Checking Deployment Status¶

curl "$API_URL/api/v1/orgs/$ORG_ID/workspaces/$WS_ID/hosted-services/$SERVICE_ID/deployment-status" \
  -H "Authorization: Bearer $TOKEN"

Response:

{
  "deployment_state": "active",
  "health": "healthy",
  "message": null,
  "synced": true
}

Tearing Down¶

To remove a persistent deployment (stops the running container):

curl -X POST \
  "$API_URL/api/v1/orgs/$ORG_ID/workspaces/$WS_ID/hosted-services/$SERVICE_ID/teardown" \
  -H "Authorization: Bearer $TOKEN"

Cloud Credentials¶

Persistent services deploy to cloud infrastructure. Credentials can be configured at two levels:

Per-Service Credentials¶

curl -X PUT \
  "$API_URL/api/v1/orgs/$ORG_ID/workspaces/$WS_ID/hosted-services/$SERVICE_ID/service-credentials" \
  -H "Authorization: Bearer $TOKEN" \
  -H "Content-Type: application/json" \
  -d '{
    "cloud_provider": "gcp",
    "cloud_credentials_json": "{...GCP service account key...}",
    "cloud_project_id": "my-project",
    "cloud_region": "us-central1"
  }'

Organization-Level Credentials¶

Shared across all services in the organization:

curl -X PUT \
  "$API_URL/api/v1/orgs/$ORG_ID/workspaces/$WS_ID/hosted-services/$SERVICE_ID/credentials" \
  -H "Authorization: Bearer $TOKEN" \
  -H "Content-Type: application/json" \
  -d '{
    "cloud_provider": "gcp",
    "cloud_credentials_json": "{...}",
    "cloud_project_id": "org-project"
  }'

Credential precedence

Per-service credentials take priority over organization-level credentials.
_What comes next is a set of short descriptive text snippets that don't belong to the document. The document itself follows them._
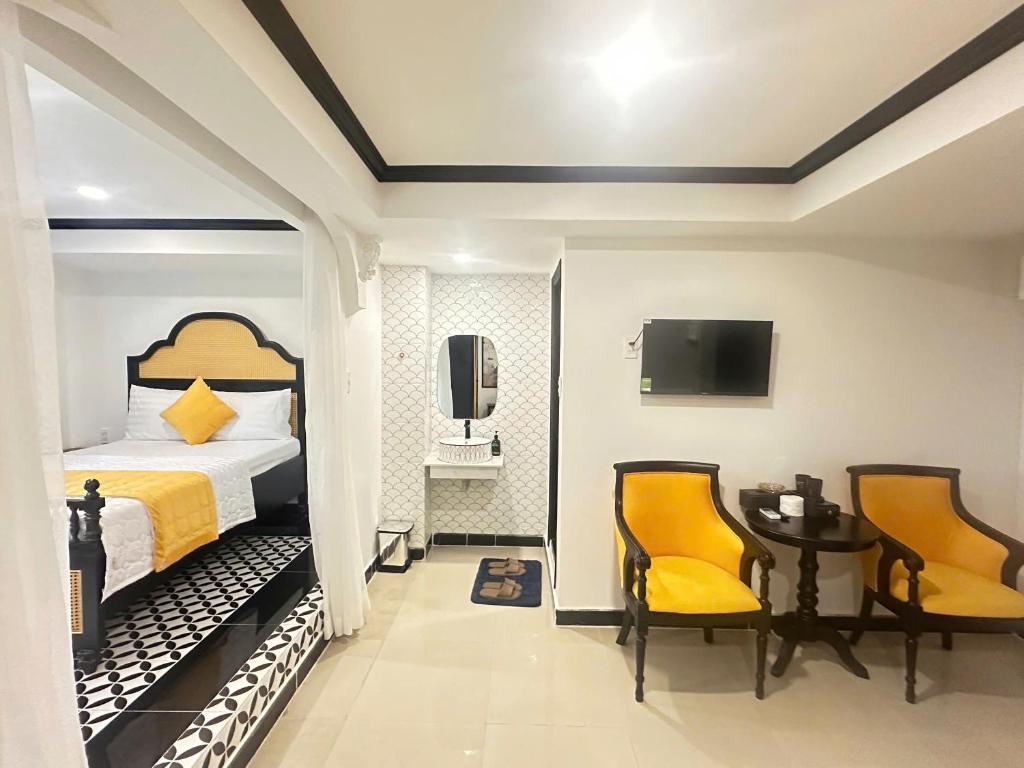 a bedroom with a bed and two chairs and a table at Phú Gia Luxury in Ho Chi Minh City
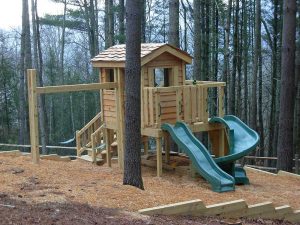 Cedar lap cabin on a steep slope with an attached swing beam and two separate slides - Asheville Playgrounds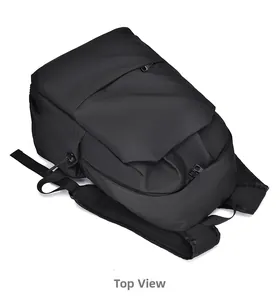 Top view detail of durable black business backpack showing the sturdy handle and texture
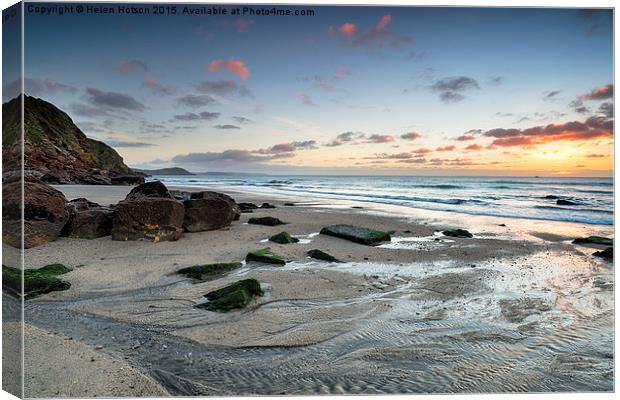 Sunrise at Pentewan on the Cornish Coast Canvas Print by Helen Hotson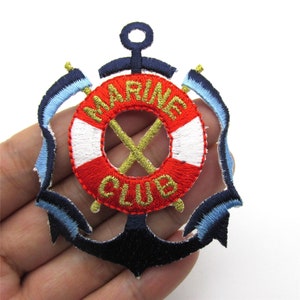 Könnte beinhalten: Ein gestickter Aufnäher mit einem roten und weißen Rettungsring, einem blauen Anker und dem Text "MARINE CLUB" in goldener Farbe.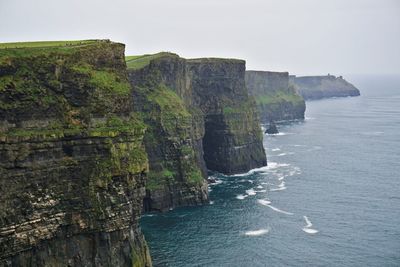 Rock formations by sea against sky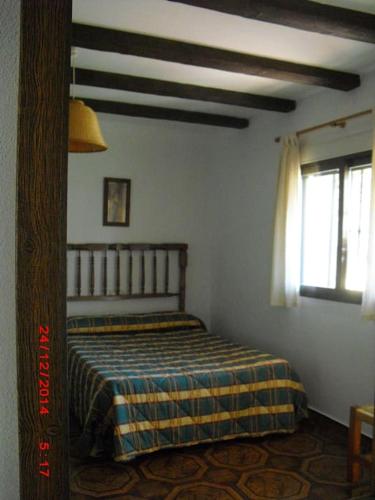 1 dormitorio con 1 cama con manta a cuadros en Casa del Abuelo 2 en Yeste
This lets you run most services on shared infrastructure while isolating specific services to dedicated projects.

Generated Client Stubs¶

The platform auto-generates typed client code for your published services:

PythonTypeScript

curl "$API_URL/api/v1/orgs/$ORG_ID/workspaces/$WS_ID/hosted-services/$SERVICE_ID/stubs/python" \
  -H "Authorization: Bearer $TOKEN" \
  -o client.py

curl "$API_URL/api/v1/orgs/$ORG_ID/workspaces/$WS_ID/hosted-services/$SERVICE_ID/stubs/typescript" \
  -H "Authorization: Bearer $TOKEN" \
  -o client.ts

The generated stubs include typed methods for each endpoint, matching your request/response schemas.